"Aspettando il Salone internazionale del Libro di Torino: trent'anni e non sentirli": qualche giorno fa il portale di un importante istituto culturale nazionale ha intitolato così un articolo che annunciava l'evento adesso in corso.
Impossibile dire a chi, nella prosa gazzettiera, si debba il conio dell'espressione "X anni e non sentirli" per celebrare anniversari di personalità (o di personaggi) della scena pubblica e, conseguentemente, di iniziative, di istituti e di tutto il resto di cui possa farsi prosopopea.
Certo è invece che l'espressione è piaciuta a tanti. Oggi è un topos. La variabile X è da saturare con un aggettivo numerale cardinale. Non con uno qualsiasi, però.

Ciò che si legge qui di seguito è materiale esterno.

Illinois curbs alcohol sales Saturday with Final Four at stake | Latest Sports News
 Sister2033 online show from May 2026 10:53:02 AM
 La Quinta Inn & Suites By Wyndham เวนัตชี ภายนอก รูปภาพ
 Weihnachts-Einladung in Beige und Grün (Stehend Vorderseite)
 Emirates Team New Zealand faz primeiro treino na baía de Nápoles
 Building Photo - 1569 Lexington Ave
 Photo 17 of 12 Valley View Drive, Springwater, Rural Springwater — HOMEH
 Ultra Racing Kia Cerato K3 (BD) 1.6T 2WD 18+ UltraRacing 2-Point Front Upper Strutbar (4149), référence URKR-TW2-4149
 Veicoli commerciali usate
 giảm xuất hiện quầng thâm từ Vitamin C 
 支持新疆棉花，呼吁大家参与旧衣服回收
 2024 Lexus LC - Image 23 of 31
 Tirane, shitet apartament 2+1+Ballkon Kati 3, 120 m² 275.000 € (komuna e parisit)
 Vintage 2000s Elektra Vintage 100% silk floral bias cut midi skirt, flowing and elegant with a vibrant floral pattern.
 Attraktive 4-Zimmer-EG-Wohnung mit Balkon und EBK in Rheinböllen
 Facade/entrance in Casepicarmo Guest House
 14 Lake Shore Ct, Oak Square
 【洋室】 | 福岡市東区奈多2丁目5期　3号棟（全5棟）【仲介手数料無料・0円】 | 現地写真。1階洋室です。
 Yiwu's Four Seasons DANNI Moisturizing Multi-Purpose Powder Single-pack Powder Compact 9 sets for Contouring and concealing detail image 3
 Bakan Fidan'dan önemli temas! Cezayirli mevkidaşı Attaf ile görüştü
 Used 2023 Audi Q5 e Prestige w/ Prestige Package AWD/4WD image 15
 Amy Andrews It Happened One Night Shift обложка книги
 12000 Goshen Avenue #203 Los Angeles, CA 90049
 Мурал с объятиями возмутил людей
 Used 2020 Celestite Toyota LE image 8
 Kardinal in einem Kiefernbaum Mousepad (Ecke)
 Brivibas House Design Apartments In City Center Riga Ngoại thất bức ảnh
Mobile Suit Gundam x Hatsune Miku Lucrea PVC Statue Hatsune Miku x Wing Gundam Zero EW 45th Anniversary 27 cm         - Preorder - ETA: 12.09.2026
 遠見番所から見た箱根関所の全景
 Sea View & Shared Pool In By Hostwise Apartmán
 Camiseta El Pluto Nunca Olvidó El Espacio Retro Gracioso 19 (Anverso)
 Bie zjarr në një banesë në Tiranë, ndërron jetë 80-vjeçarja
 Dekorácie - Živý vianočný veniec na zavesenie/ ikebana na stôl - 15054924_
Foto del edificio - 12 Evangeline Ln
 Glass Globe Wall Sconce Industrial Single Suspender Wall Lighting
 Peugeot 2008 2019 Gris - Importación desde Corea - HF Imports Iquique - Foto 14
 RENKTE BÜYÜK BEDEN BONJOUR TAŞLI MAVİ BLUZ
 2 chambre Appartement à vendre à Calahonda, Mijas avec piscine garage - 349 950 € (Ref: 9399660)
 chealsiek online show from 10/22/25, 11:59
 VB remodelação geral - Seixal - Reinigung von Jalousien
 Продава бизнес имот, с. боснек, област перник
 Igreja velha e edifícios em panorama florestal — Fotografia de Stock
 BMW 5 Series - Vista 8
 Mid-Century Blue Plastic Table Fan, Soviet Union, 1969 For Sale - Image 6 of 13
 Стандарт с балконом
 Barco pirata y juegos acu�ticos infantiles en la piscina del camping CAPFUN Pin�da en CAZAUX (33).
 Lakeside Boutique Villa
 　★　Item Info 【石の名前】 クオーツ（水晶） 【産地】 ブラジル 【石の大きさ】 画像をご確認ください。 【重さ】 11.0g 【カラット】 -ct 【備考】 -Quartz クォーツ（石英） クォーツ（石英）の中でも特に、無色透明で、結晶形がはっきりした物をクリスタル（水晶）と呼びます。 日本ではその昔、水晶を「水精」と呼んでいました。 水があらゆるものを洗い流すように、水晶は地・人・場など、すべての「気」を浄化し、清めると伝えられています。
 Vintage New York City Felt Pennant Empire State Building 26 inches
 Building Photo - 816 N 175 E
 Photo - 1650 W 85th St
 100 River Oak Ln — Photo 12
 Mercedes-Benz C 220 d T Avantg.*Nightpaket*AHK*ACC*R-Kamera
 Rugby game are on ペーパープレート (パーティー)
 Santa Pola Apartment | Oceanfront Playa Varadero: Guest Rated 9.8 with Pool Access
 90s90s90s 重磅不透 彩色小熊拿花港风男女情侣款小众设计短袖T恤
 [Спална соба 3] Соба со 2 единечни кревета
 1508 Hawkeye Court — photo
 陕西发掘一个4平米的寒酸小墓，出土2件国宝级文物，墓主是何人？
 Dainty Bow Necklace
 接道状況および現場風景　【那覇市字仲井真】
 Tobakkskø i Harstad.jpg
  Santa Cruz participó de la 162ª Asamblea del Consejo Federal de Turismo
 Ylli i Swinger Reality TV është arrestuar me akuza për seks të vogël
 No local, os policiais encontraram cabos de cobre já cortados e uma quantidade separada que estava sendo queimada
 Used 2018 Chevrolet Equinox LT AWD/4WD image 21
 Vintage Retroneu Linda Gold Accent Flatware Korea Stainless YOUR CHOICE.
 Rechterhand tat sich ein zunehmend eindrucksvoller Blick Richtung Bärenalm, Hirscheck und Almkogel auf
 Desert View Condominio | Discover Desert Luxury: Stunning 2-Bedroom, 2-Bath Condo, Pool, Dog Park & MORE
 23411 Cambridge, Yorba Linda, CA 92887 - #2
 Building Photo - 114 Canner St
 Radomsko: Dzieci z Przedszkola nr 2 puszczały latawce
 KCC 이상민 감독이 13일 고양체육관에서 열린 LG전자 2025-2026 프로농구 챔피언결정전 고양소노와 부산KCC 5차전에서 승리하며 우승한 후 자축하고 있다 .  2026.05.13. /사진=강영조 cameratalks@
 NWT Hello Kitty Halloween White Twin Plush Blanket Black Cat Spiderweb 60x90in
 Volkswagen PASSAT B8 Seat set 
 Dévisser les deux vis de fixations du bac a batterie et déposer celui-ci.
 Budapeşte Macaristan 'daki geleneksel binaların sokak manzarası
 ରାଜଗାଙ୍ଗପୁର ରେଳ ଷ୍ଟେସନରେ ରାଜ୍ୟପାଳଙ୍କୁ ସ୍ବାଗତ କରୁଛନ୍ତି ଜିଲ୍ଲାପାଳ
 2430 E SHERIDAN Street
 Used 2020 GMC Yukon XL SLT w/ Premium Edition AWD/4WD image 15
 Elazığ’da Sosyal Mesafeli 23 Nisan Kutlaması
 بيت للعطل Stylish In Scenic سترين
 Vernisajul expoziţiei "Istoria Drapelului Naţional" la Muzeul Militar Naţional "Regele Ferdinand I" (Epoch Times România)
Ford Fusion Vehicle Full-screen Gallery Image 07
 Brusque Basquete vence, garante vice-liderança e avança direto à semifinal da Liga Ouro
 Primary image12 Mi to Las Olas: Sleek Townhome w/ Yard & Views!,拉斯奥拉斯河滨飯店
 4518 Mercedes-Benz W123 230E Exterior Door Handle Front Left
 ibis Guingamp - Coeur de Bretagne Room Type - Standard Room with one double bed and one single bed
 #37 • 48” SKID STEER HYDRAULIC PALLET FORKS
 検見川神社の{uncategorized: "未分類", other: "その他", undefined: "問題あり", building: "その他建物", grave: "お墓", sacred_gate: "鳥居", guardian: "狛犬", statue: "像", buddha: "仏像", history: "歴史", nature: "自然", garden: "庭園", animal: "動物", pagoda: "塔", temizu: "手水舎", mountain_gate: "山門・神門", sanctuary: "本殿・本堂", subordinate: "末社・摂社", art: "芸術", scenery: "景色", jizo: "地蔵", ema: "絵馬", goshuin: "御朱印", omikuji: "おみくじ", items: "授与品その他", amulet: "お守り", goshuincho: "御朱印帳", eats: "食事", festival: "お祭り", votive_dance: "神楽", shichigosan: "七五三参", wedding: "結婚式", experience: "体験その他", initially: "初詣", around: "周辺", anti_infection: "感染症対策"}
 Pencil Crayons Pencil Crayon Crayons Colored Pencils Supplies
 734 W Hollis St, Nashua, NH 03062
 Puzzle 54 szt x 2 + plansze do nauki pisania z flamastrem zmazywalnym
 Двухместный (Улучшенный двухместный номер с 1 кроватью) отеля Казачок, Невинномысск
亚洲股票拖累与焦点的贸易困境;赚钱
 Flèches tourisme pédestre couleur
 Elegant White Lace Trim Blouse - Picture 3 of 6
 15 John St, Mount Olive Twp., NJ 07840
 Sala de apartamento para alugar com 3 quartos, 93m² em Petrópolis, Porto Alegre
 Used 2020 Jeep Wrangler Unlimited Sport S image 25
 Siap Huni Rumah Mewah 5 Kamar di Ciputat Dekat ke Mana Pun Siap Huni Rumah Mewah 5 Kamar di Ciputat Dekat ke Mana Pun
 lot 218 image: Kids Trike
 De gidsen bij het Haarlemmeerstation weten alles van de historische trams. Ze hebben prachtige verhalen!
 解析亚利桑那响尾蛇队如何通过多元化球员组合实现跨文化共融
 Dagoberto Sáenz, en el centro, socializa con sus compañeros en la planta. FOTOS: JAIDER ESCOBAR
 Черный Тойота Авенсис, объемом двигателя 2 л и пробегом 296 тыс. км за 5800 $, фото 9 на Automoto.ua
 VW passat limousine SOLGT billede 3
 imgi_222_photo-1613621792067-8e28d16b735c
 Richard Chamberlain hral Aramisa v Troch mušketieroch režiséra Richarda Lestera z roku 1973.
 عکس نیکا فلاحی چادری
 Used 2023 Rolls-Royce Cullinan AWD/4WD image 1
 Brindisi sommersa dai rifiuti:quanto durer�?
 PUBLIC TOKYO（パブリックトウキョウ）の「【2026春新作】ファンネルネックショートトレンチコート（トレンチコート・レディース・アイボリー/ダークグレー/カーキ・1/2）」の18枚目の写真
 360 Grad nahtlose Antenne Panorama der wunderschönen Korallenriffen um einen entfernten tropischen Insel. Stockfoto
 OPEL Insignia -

Con un numerale che, in riferimento all'esistenza della persona o della cosa celebrata, dica d'una durata, di una resistenza, di una permanenza rimarchevoli. La coordinazione dei due membri è solo formale. Il suo valore è avversativo-concessivo: 'son tanti ma...', 'malgrado siano tanti...'.
Nel caso sia adoperata per celebrare esseri umani, senza dirlo esplicitamente, l'espressione lascia dunque intendere di un arco della vita che, in funzione del tema del discorso, si trova nella sua ineluttabile fase discendente; lascia intendere che si tratta di tradizioni percepite o percepibili come vetuste, nel caso di istituti, di manifestazioni e dell'altro che esorbita dall'umano.
Nello spirito commerciale del tempo, è evidentemente questo il caso della fiera torinese. Al compimento del suo terzo decennio di esistenza, essa conta già tra le cose antiche.